In Jurassic World: Fallen Kingdom, life may well have found a way, but the same can’t be said for decent screenwriting or even basic logic in this execrable sequel. It’s a pretty mean feat to beat even Jurassic Park III as the worst JP film to date, but even a handful of nice flourishes from director J.A. Bayona can’t rescue Colin Trevorrow and Derek Connolly’s appallingly paced, nonsensical script.
Fallen Kingdom starts out well enough, opening with a nasty little prologue involving a miniature submarine, a hungry mosasaur and a tug of war between a T-Rex and a helicopter. The Orphanage director Bayona is a far better visual storyteller than Trevorrow, bringing his horror credentials to bear in this dark, rain-soaked sequence. It’s a highly effective sequence that almost makes you forget how little logical sense the scene actually makes.

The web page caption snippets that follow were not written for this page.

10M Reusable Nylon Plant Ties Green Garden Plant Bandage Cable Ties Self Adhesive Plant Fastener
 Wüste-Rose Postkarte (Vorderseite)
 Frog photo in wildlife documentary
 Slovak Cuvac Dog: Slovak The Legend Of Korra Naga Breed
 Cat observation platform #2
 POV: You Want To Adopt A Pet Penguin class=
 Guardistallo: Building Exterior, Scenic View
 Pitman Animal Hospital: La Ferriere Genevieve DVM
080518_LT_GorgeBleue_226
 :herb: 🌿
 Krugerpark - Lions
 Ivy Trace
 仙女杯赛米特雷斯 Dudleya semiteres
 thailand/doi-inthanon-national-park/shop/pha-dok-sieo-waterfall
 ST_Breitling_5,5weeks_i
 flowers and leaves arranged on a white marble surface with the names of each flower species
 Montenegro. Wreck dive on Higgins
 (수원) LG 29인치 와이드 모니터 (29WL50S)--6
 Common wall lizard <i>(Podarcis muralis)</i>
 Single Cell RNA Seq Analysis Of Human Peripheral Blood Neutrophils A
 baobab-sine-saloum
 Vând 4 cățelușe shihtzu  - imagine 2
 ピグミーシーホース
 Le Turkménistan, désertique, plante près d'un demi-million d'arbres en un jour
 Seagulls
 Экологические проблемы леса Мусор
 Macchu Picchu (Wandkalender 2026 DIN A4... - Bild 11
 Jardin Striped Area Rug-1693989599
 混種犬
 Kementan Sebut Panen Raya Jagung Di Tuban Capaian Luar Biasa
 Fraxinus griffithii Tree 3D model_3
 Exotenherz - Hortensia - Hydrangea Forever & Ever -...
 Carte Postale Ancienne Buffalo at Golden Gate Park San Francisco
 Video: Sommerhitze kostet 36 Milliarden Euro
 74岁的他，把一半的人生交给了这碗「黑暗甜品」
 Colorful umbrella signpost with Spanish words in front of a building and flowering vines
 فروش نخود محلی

It transpires that the once-dormant island volcano of Isla Nublar is now active and about to erupt, threatening all the surviving dinosaurs. Claire (Bryce Dallas Howard), transformed from corporate megabitch to environmental campaigner, is recruited by shady businessman Eli Mills (Rafe Spall) to rescue the beasts. Sound familiar? It should do, as it’s basically a rehash of the plot of The Lost World. That sequel was once much-derided but now seems like a bona-fide masterpiece compared to this weak clone.
A major problem of Fallen Kingdom is its endless rush to get to the next plot point, sacrificing any sense of pacing or suspense along the way. The result is that none of the main players, including Owen (Chris Pratt), Claire’s assistant Franklin (Justice Smith) and “paleo-veterinarian” Zia (Daniella Pineda), never once feel like they’re in any real peril. BD Wong’s Dr Henry Wu is again criminally sidelined, Jeff Goldblum’s much-touted return is as brief as it is pointless, and the last film’s MVP – Blue the velociraptor – has been irreparably drained of any meaningful menace. A sequence involving a cliff edge and a terrifying plunge underwater echoes a similar scene in The Lost World, but without Spielberg’s mastery of timing and suspense, it just feels ridiculous.
There are some positives. The shot of a doomed brachiosaur as the group leave Isla Nublar is terribly sad, but also unnecessarily cruel. Later, a rotating camera tracking the Indoraptor – the film’s undercooked new Big Bad – as it enters a bedroom has Bayona fully engaging his skills as a horror maestro. The mean streak that ran through the last film has also been notably toned down, with little remaining of the last film’s derision of women. Nevertheless, nothing can redeem the crushing, insulting stupidity of the enterprise as a whole.
In a film about resurrected dinosaurs, suspension of disbelief is mandatory, but the script’s illogical nonsense and flat, cartoonish characters compound on each other until any audience goodwill has evaporated. Between the terror and the spectacle of the original Jurassic Park there was once awe – a fable that reflected humanity’s hubris and nature’s terrible power in the most magnificent animals to ever walk the earth. In this fifth retelling, that fable has become a tale “told by an idiot, full of sound and fury, signifying nothing”. A fallen kingdom, indeed.